Output the lines of the records from the one containing "3132 Roselawn Blvd, Louisville" through the last, both ends included. Leave pictures out.

* _Items listed in a dataset_
◆ ◆ ◆ ◆ ◆
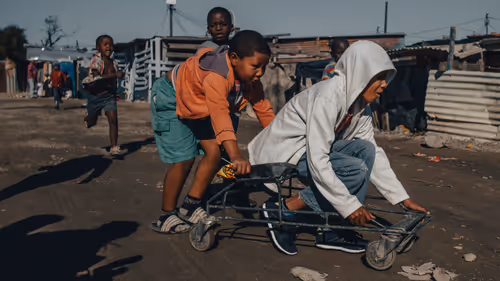 Item #38640678418960091879167073134620808059318826379912893500964934315163923775489 Media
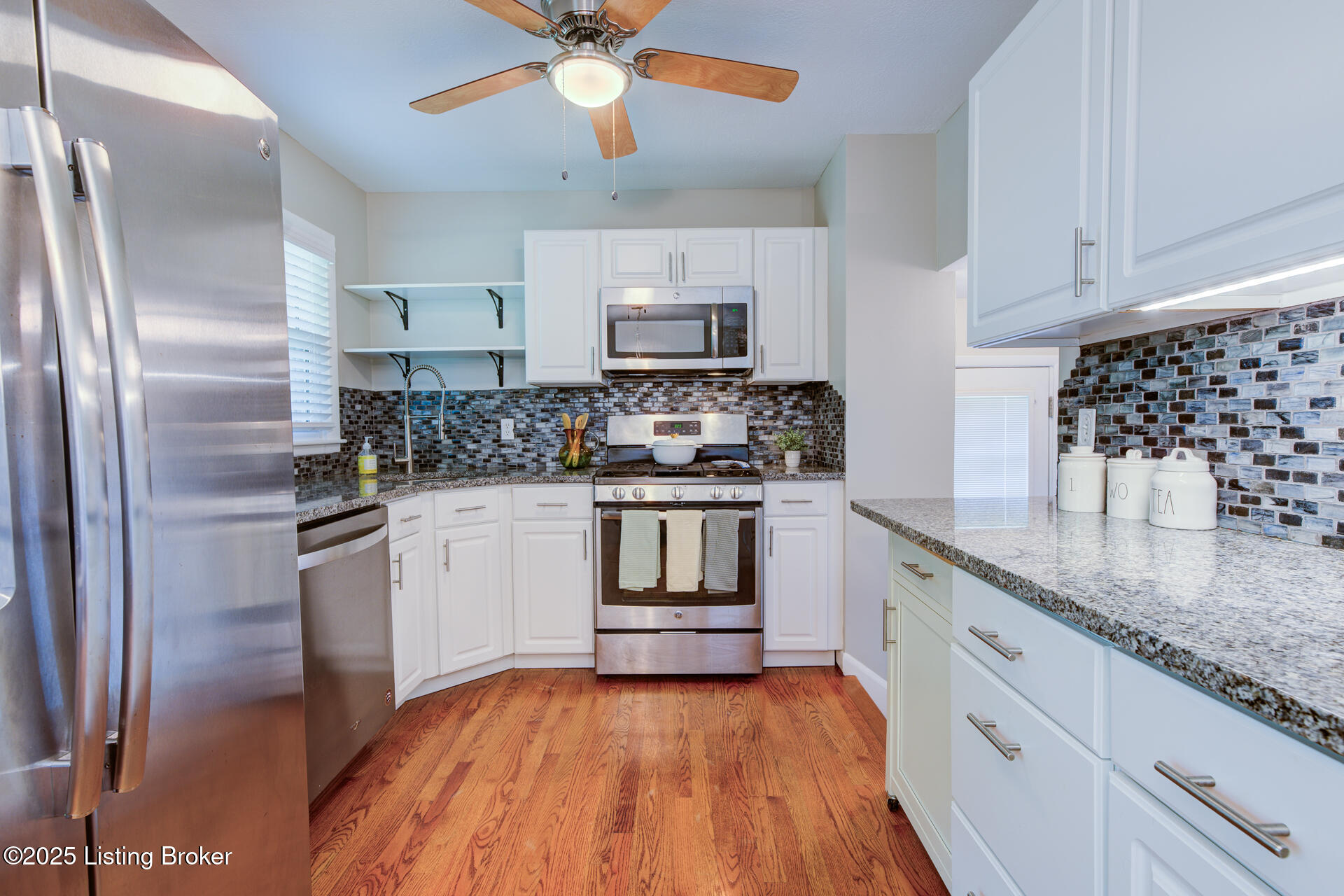 3132 Roselawn Blvd, Louisville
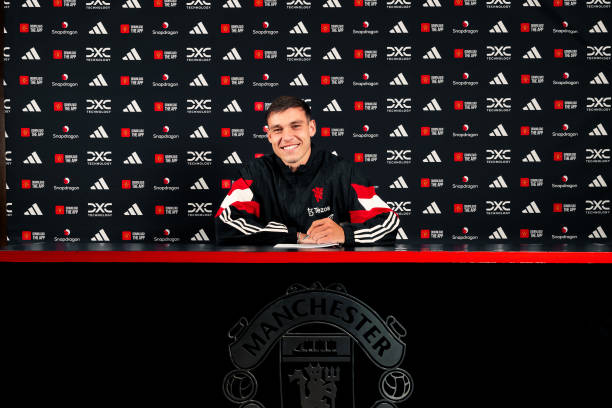 Ugarte, Sancho, Sterling - Top 10 thương vụ đình đám nhất deadline day chợ Hè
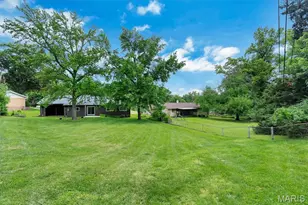 775 Montmartre Dr, Saint Louis, MO 63141 - Photo 40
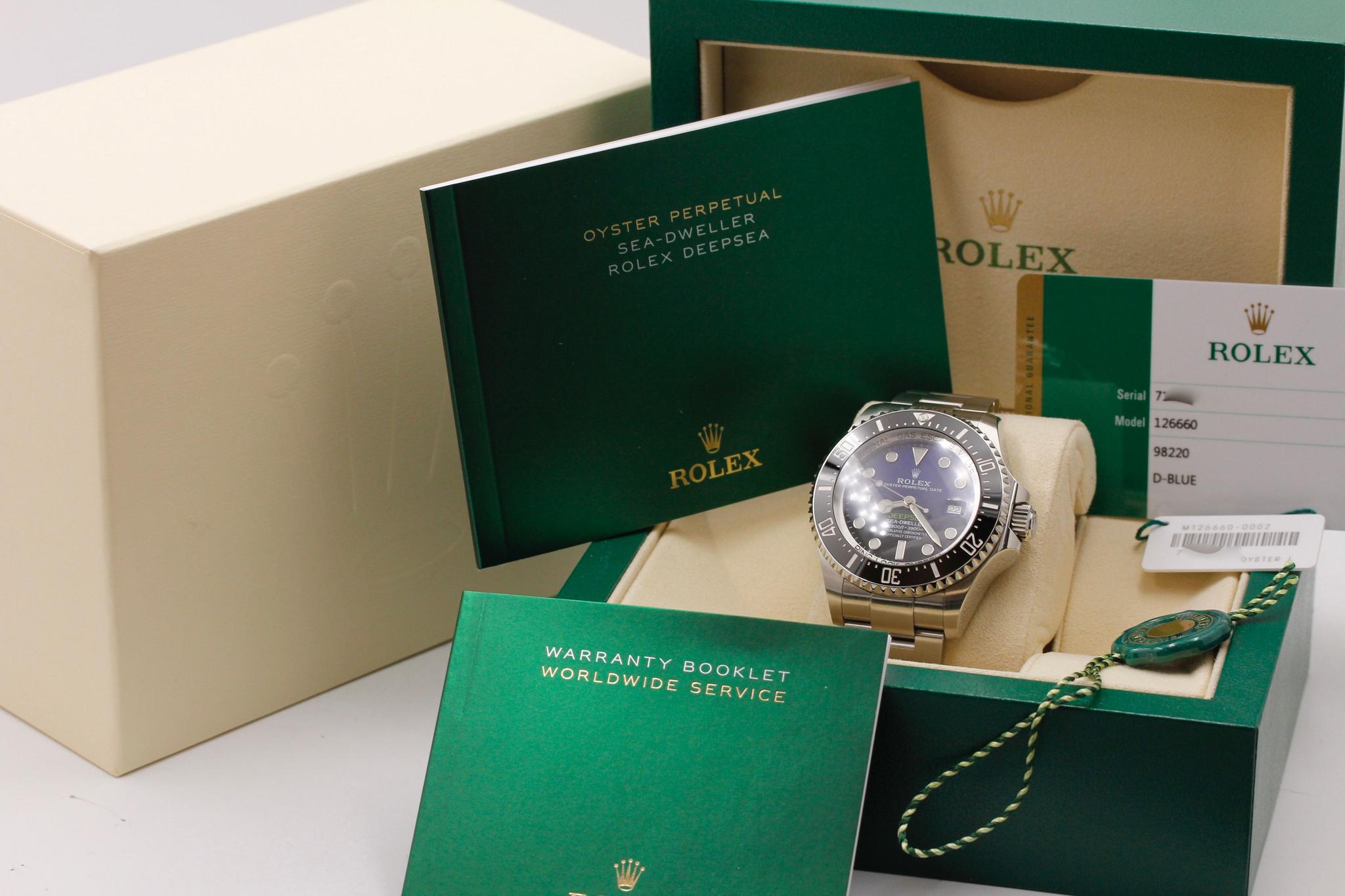 Watch Image 12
◆ ◆ ◆ ◆ ◆
* _Exercise answer_
 3132 Roselawn Blvd, Louisville
 Ugarte, Sancho, Sterling - Top 10 thương vụ đình đám nhất deadline day chợ Hè
 775 Montmartre Dr, Saint Louis, MO 63141 - Photo 40
 Watch Image 12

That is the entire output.